I don't see what the issue with that is. It's an interesting hypothesis, and he's not alone in thinking about it. It's already a common stance that effective/valuable/interesting mathematical structures are direct consequences/reflections of the universe's own structure, and are seen more as discoveries than inventions. The author's proposal is just refining the question: have we come to this conclusion because it's an intrinsic property of the universe, or does it always seem present because we can only contemplate the universe through the human brain, which does its own structuring?
As an example of respected thinkers thinking along these lines, Sir Arthur Eddington's The Philosophy of Physical Science works pretty well (Though, to be fair, it's not as if he's never been called 'out there').
I'm not sure what you mean by 'precociousness' there, since I imagine you're not attempting to compliment the author—but he's hardly alone in considering Geometric Algebra to be a kind of foundation/'unified theory' for large swaths of mathematics.
The other critiques seem mostly along the lines of, "he doesn't dress like us", which, while maybe a little off-putting to the in-crowd, shouldn't earn him an automatic dismissal or derogation.

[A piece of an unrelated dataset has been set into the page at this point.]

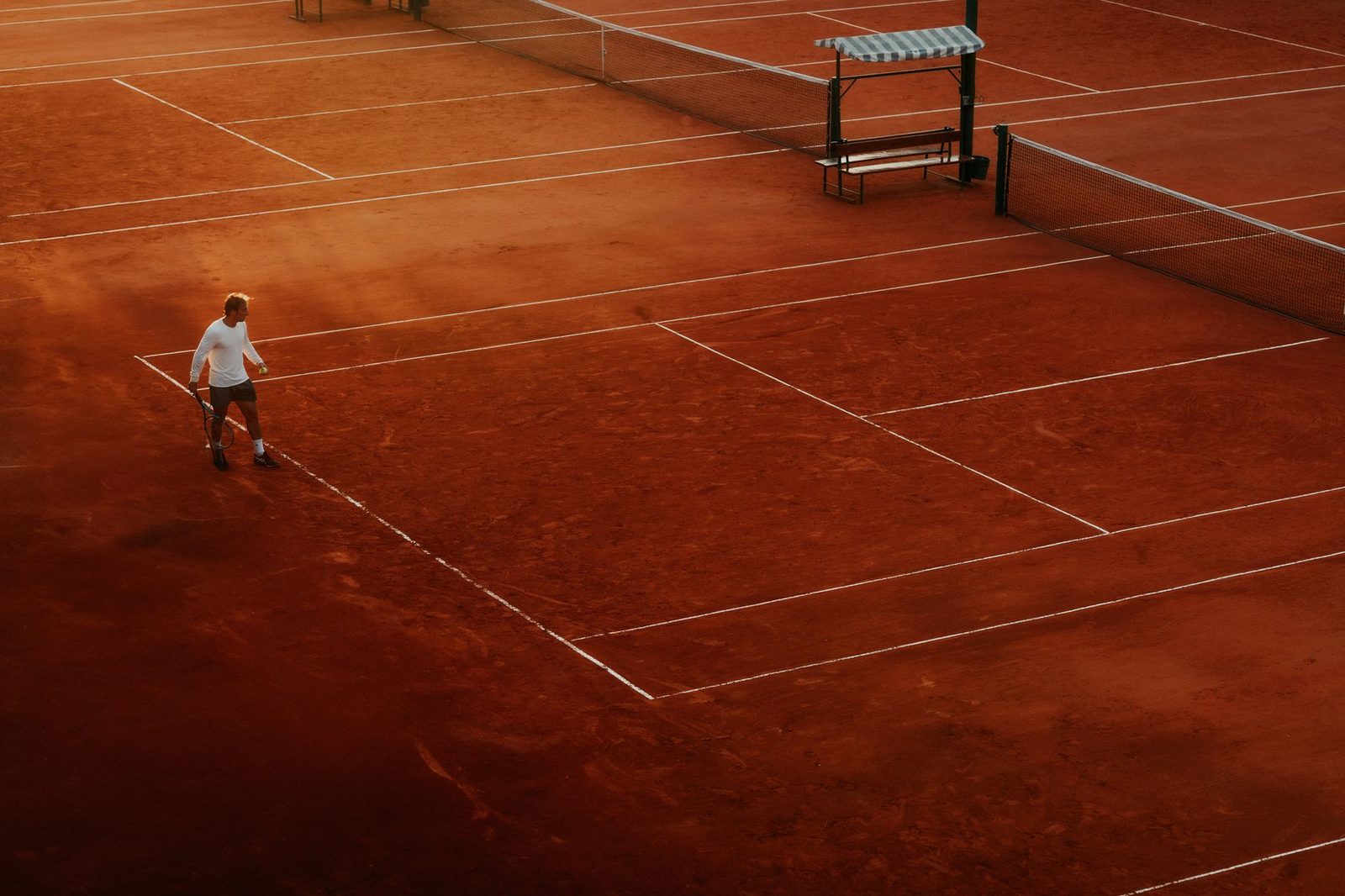Aerial view of a tennis player on a clay court during the day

And, for the record, anything aspiring to be a grand unified theory of mathematics has to go far beyond algebra.
This book is also great if you are interested whatsoever in computer modeling of geometry, e.g. for robotics, computer vision, computer graphics, VR, etc. http://www.geometricalgebra.net The “conformal geometric algebra” model developed there is a really amazing recent idea. If you don’t want to buy a book see the papers at http://geocalc.clas.asu.edu/html/UAFCG.html or this Ph.D. thesis http://www2.eng.cam.ac.uk/~rjw57/pdf/r_wareham_pdh_thesis.pd...
There's something about clifford algebras that brings out the fanatic in people, the first time I heard about them was Pertti Lounesto posting all sorts of rants in sci.math back in the day.
but I'm a little bit skeptical of this given that properties of things like "electric motors" can be observed in the real world.
What? No. No. That's not how Math works.